Discurso durante a 133ª Sessão Deliberativa Extraordinária, no Senado Federal

Inquirição do Sr. Nelson Barbosa sobre o cometimento de crime de responsabilidade pela Presidente Dilma Rousseff.

Autor
Ana Amélia (PP - Progressistas/RS)
Nome completo: Ana Amélia de Lemos
Casa
Senado Federal
Tipo
Discurso
Resumo por assunto
GOVERNO FEDERAL:
  • Inquirição do Sr. Nelson Barbosa sobre o cometimento de crime de responsabilidade pela Presidente Dilma Rousseff.
Publicação
Publicação no DSF de 28/08/2016 - Página 26
Assunto
Outros > GOVERNO FEDERAL
Indexação
  • INQUIRIÇÃO, TESTEMUNHA, NELSON BARBOSA, ASSUNTO, CRIME DE RESPONSABILIDADE, AUTORIA, DILMA ROUSSEFF, PRESIDENTE DA REPUBLICA, REFERENCIA, UTILIZAÇÃO, DECRETO FEDERAL, OBJETIVO, ABERTURA, CREDITO SUPLEMENTAR, AUSENCIA, AUTORIZAÇÃO, CONGRESSO NACIONAL, OBTENÇÃO, EMPRESTIMO, ORIGEM, BANCO DO BRASIL, BENEFICIARIO, GOVERNO FEDERAL, DESTINAÇÃO, FINANCIAMENTO, PLANO, SAFRA.

    A SRª ANA AMÉLIA (Bloco Parlamentar Democracia Progressista/PP - RS) - Obrigada, Sr. Presidente, Srªs e Srs. Senadores. Cumprimento também a testemunha, o ex-Ministro Nelson Barbosa.

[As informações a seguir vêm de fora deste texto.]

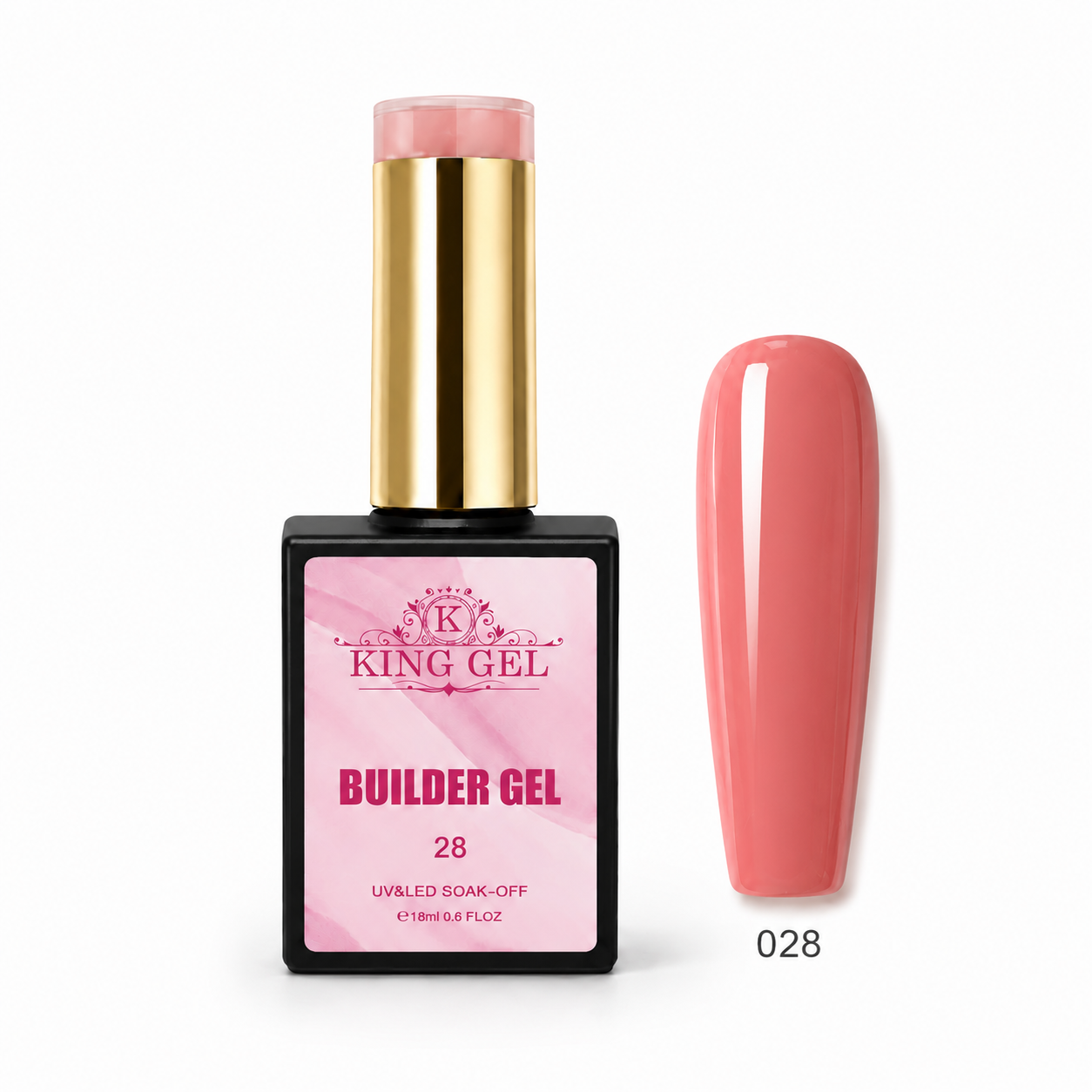 72 colors Hema Free Builder Gel Collection - KingGel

    Talvez, Ministro Nelson Barbosa, aqui fosse mais útil à compreensão da sociedade brasileira - eu queria o apoio dos Senadores, para podermos entender o que o senhor vai me responder -, talvez fosse mais útil à compreensão da população do que se trata tudo isso e a consequência para o cotidiano das pessoas, sobretudo o que aconteceu. Porque, ao falar sobre pedalada fiscal, sobre decretos, todas essas coisas, as pessoas não têm o domínio técnico do que isso significa no dispositivo constitucional, no art. 85 da Constituição, na Lei de Responsabilidade Fiscal, mas é preciso dizer à população quais as consequências, ou para os bancos oficiais, em relação às famosas pedaladas fiscais. Mas isso talvez não seja possível porque estamos aqui num tribunal, num julgamento, que está definido na Constituição brasileira, e esse rito está sendo seguido plenamente e rigorosamente sob o comando do Ministro Ricardo Lewandowski.

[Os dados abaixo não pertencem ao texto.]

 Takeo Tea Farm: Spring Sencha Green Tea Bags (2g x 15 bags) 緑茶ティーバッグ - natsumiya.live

    Então, como acompanhei muito o Dr. Nelson Barbosa, na Comissão Especial, o trabalho feito, e também especialmente quando acompanhei a análise técnica dos laudos periciais, também avaliando o conjunto probatório, estou convencida sinceramente de que os atrasos deliberados, sistemáticos e reiterados, as famosas pedaladas, foram, sim, operações de crédito, conforme o conceito, aliás, estabelecido na própria Lei de Responsabilidade Fiscal.

    Para fundamentar essa minha afirmação e a minha convicção, lembro que o conceito de operação de crédito está no Item 3.2.1 do Manual de Contabilidade Aplicada ao Setor Público, reproduzido no laudo da junta pericial, na p. 162. Segundo esse dispositivo, o conceito de crédito foi estabelecido de forma exemplificativa na Lei de Responsabilidade Fiscal e equipara-se ao reconhecimento ou à confissão de dívida pelo ente da Federação. 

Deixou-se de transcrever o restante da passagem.